El trallazo es también un desplante taurino, el dejarme solo de los futbolistas. Es una reacción visceral contra lo adverso, la protesta más elemental y genuina contra el curso de los acontecimientos: un niño, cuando chuta, vislumbra la posibilidad de convertirse por sí mismo en el rey del mundo. Con el disparo a trallón da un machetazo en la selva y arroja claridad donde sólo había tinieblas. Hubo un tiempo en que la secta cruyffista condenó el trallazo como una modalidad de violencia fascista que nada tenía que ver con esa supuesta naturaleza adánica del fútbol, que ellos preconizaban trasunto de la Arcadia feliz de la que el hombre fue robado tras el pecado original. Pero el Universo no es una comuna hippie sino un lugar hostil, hermoso y siniestro en el que el hombre debe abrir todas las puertas, o perecer. El chutazo, el obús, es romper de un tajo el insoportable nudo gordiano, como hizo Alejandro Magno, o salir del laberinto por arriba volándole al Minotauro la tapa de los sesos.
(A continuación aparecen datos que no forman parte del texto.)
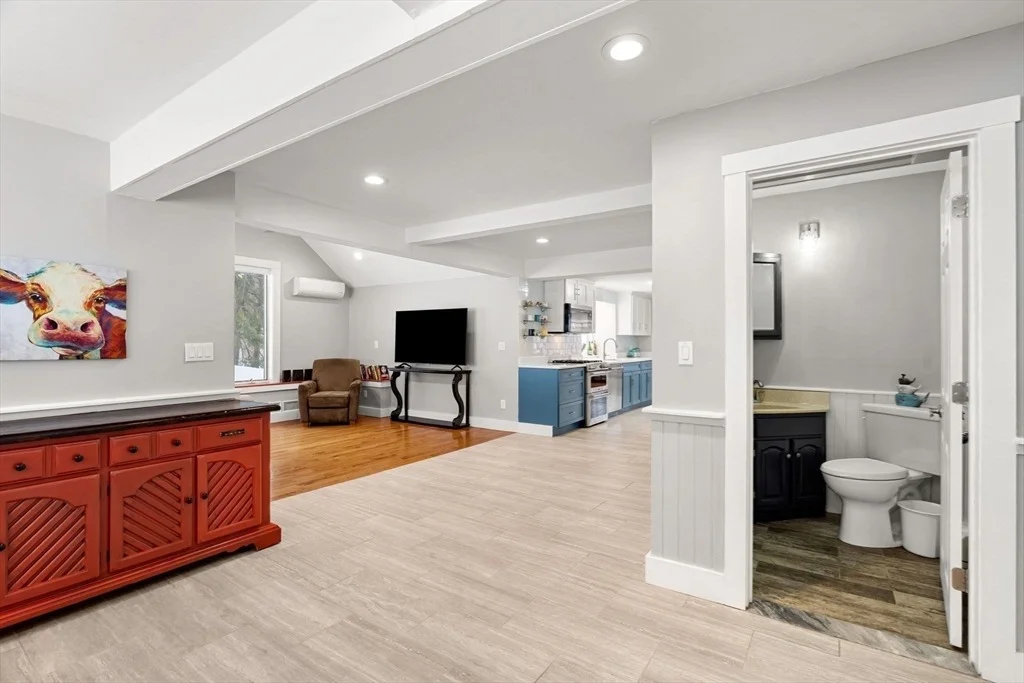Photo of 30 Bear Hill Road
Chutar desde fuera del área es un acto propio de hombres libres
Pensaba el otro día que en el fútbol moderno, con la vejez de Cristiano y de Messi, el free-kick o golpeo de falta se está perdiendo como se perdieron los porteros con gorra y jersey de cuello alto o la costumbre que tenían de blocar. El guardiolismo convenció al mundo de poder ganar los partidos alcanzando, mediante paredes y combinaciones infinitas, la raya de gol hasta dar el pase a la red. Pero esa es una concepción profundamente equivocada de las cosas. Valverde, como el futbolista antiguo que es, lleva dentro la raíz del juego. Es un cirujano de hierro y no el portavoz de una meliflua mayoría parlamentaria como todo lo que sale de La Masía. Es un todocampista británico que chuta como Le Tissier y que tiene los pulmones amazónicos del Negro Varela, además del pie de Schiaffino, que puso Maracaná boca abajo antes de que las leyes de la socialdemocracia proscribieran el trallazo de los libros escolares.
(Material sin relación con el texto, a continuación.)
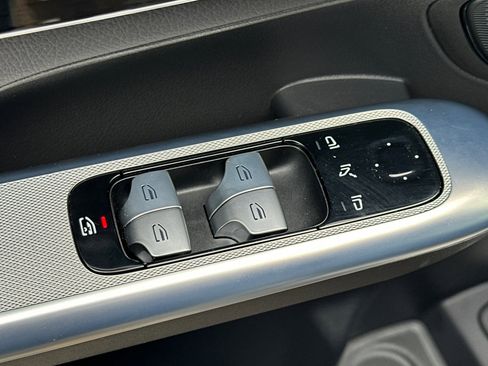 Used 2025 Mercedes-Benz GLC 300 4MATIC image 21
El trallón tiene algo misterioso que fascina, se queda uno mirando embobado cómo vuela el balón describiendo en el aire una trayectoria enigmática y divina, como la de las flechas que lanzaba Guillermo Tell con su arco buscando eternamente la manzana. No es, efectivamente, muy democrático el trallazo, pues es la solución antiburocrática, del hombre que empuña una escopeta en el porche de su casa, mira de frente la oscuridad y se sacude el miedo con un gesto instintivo. El trallazo es un trueno de Júpiter que acalla todas las conversaciones. Con él, el jugador que chuta pone su fuerza y su técnica en manos del destino; no pretende, como el pontífice del pase horizontal, esculpir a su antojo la naturaleza sino que comprende la estupidez de semejante afán totalitario y abraza lo incontrolable de las fuerzas que mueven el mundo y las cosas. Y confía ciegamente en que le sonría su buena estrella, fe por antonomasia del aventurero y del hombre de acción.